States rarely set out to create a new accountability 
system from whole cloth. A report from Education 
Commission of the States (1999) noted that 
components often fall into place in fits and starts, 
rather than in the logical sequence of developing 
standards and aligned assessments first. States may 
implement some components by law and others by 
regulation. Often components of state systems are 
not aligned because they were implemented years 
apart and for different purposes. 

In light of the increasing pressures on educators to 
strengthen, revise, or implement accountability 
systems, this policy brief attempts to summarize 
research results and provide guidance regarding 
decisions associated with school accountability. 

Standards-based accountability 
systems 

Unlike past notions of accountability, a 
standards-based system examines “outputs,” 
such as student performance and graduation 
rates,* as well as “inputs,” such as the amount of 
instructional time and the number of books in 
the school library. 



State and local policymakers and 
educators all bear responsibility for 
school success within standards- 
based accountability systems. 

State and local policymakers and educators all 
bear responsibility for school success within 
standards-based accountability systems. States 
hold districts and, in many cases, individual 
schools accountable for student achievement. In 
turn, districts and states are responsible for 
providing ongoing assistance and consequences 
to struggling schools. Although there is some 
agreement among education experts on key 
characteristics of accountability systems, there 



also is considerable debate about the best way to 
assure school accountability. 

A model of standards-based, state-level 
accountability systems that has emerged from 
discussions among experts and an analysis of 
reform efforts across the nation includes the 
following components (Education Commission of 
the States, 1999; Education Week, 1999, p. 9): 

• Aligning standards and assessments'. Congruent 
state and local content standards and student 
assessments that are aligned with those 
standards; 

• Rating school performance : A rating system that 
includes multiple indicators such as student 
achievement, attendance, drop-out rates, and 
graduation rates; 

• Reporting performance : A method of reporting 
school performance to parents, educators, 
policymakers, and the public, such as school 
report cards; 

• Providing assistance : The capacity and will at 
state and district levels to provide early and 
ongoing assistance to struggling schools; 

• Creating consequences'. Clearly defined remedies 
for low-achieving schools and recognition for 
high-achieving schools. 

A focus on accountability also is observed at the 
federal level, where provisions in the 1994 
Elementary and Secondary Education Act (U.S. 
Department of Education, n.d.) call on states to 
phase in specific programmatic and reporting 
requirements by the 2000-2001 school year.
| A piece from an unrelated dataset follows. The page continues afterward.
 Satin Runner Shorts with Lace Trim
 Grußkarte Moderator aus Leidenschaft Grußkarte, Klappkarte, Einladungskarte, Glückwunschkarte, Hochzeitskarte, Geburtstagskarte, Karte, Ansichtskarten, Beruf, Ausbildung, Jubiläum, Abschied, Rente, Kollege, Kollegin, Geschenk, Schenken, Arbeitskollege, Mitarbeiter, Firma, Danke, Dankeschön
A goal 
of ESEA is to assure that the progress of Title I 
students in each state be measured with the same 
assessments used for other students (in at least 
math and reading), to demonstrate adequate yearly 
progress by schools. According to that law, if states 
have a statewide school accountability system, 
Title I schools must be included in that system. 

Aligning standards and 
assessments 

Most states have accomplished the hard work of 
adopting statewide content standards and have 



begun the even more difficult task of developing 
assessments that accurately measure what 
students know and are able to do in relation to 
those standards. In order to implement equitable 
and accurate assessment, however, states and 
districts must confront certain questions: 

What constitutes fair and appropriate 
testing? 

Standardized tests assess all students in the same, 
predetermined manner. Critics argue that these 
tests do not accurately measure in-school student 
learning because many of the test questions 
address topics that have not been taught in the 
classroom. Research studies have shown that 
some questions on these tests are designed to 
assess students’ intellectual capacity or out-of- 
school learning, rather than what has been 
learned in school (Popham, 1999). 

Some states and districts use commercially 
produced, norm-referenced, standardized tests to 
assess student achievement. Norm-referenced 
tests measure students’ performance against that 
of other students across the nation. Experts often 
argue instead for the use of “criterion-referenced” 
tests, which measure student performance 
against specific content standards. By the end of 
2000, at least 30 states will have developed such 
tests (Fox, 1999). But criterion-referenced tests 
have raised different concerns. For example, some 
parents and policymakers still will want to know 
how their students compare with students 
nationwide — information that typically is not 
provided by criterion-referenced tests (Education 
Week, 1999, p. 18; Fox, 1999). 

Another assessment debate centers on the use of 
traditional multiple-choice questions versus 
open-ended questions, portfolios, and performance 
assessments. Although critics charge that 
multiple choice questions can’t adequately 
measure complex thinking and problem-solving, 
nontraditional testing methods have received 
criticism for being too subjective and not 
focusing on the basics (Education Week, 1999, p. 
16). Further, tests that include constructed 
response items in addition to multiple choice 
items are more costly to administer and score. 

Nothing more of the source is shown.